Morris, of course, is President Clinton's former advisor, the triangulation-loving political guru who was tossed overboard in 1996 after a tabloid revealed Morris' affair with a prostitute. Once dubbed by Time magazine as a "gleeful genius" and "the most influential private citizen in America," Morris now fills his time dashing off a weekly New York Post column used almost exclusively to try to win small bouts of revenge against the Clinton clan.

Oh sure, from time to time Morris casts his political gaze nationally, as he did last year in cautioning readers, "It would be a serious blunder to count out Liddy Dole ... With her sterling record at the Red Cross, Elizabeth Dole could well be the first woman president." But since then, he's mostly dedicated himself to writing off Hillary's Senate chances as nonexistent.

Here's a typical 1999 dispatch, one in an endless collection of botched forecasts. Morris writes gleefully:

The fact she is planning to rent, not buy, a home here and her recent flip-flops on issues involving Israel aren't helping her either. She just looks more tawdry with each maneuver. Will she be able to reverse field and start moving up? Nope. No way she will do anything but lose votes even faster. Hillary is sinking fast. The bottom line: She won't run.

Of course, Hillary, a proud New York homeowner, now leads or is tied with Giuliani in most of the major statewide polls. (So much for Morris' supposed mastery of polling data.)

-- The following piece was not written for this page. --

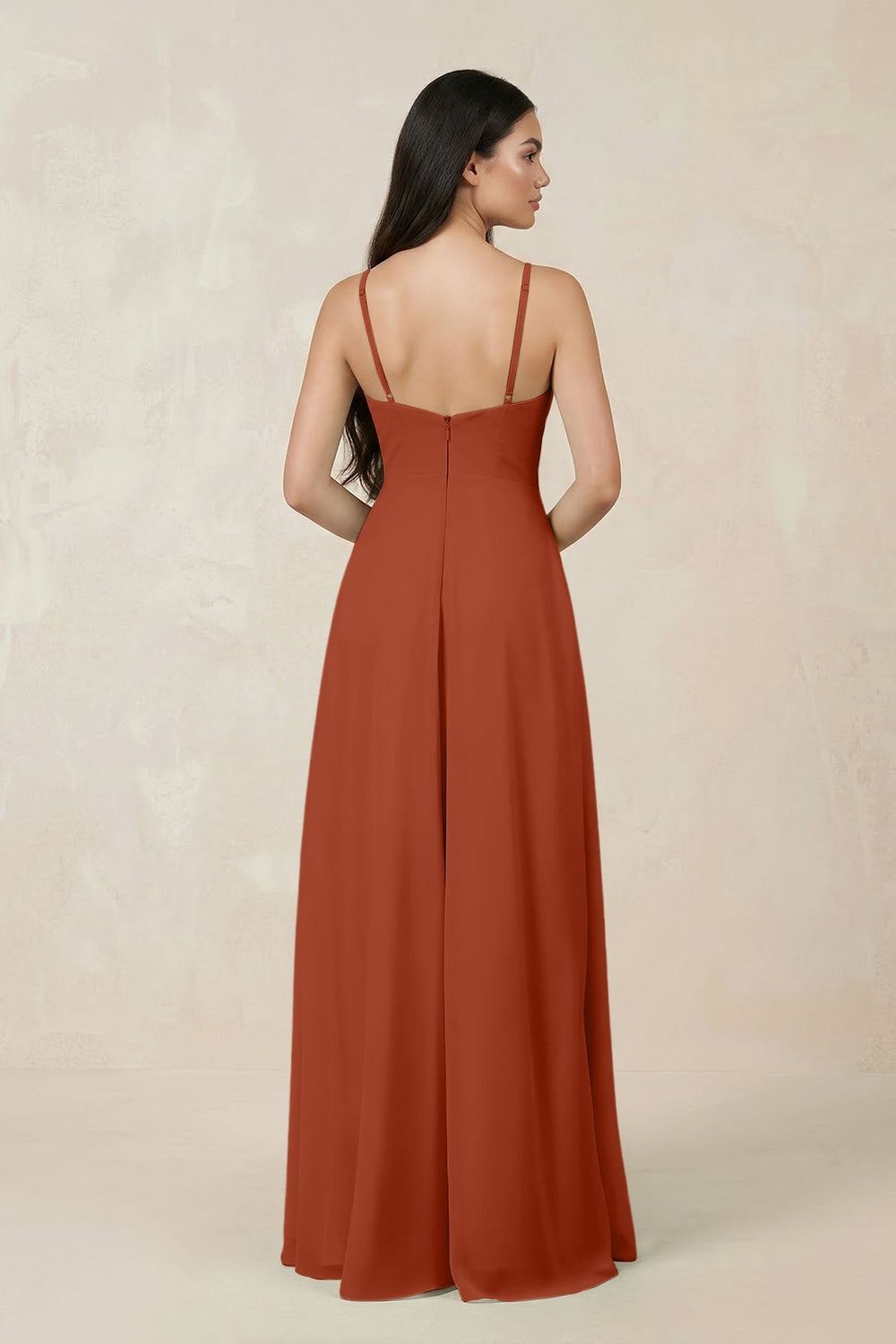 Halter Chiffon A - Line Bridesmaid Dress With Slit in Spice - SHE IS ME Bridesmaid Dresses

And in a neat trick, Morris often doubled not only as an anti-Hillary columnist for the Post, but as an on-the-record source, too. Appearing in the pages last year as "a longtime consultant to the Clintons," Morris, who once riffed on talk radio that Hillary was a lesbian, told a Post news reporter, "I think she is going to look at these [poll] numbers, understand they aren't moving, and pull out. The first lady is on the ropes right now."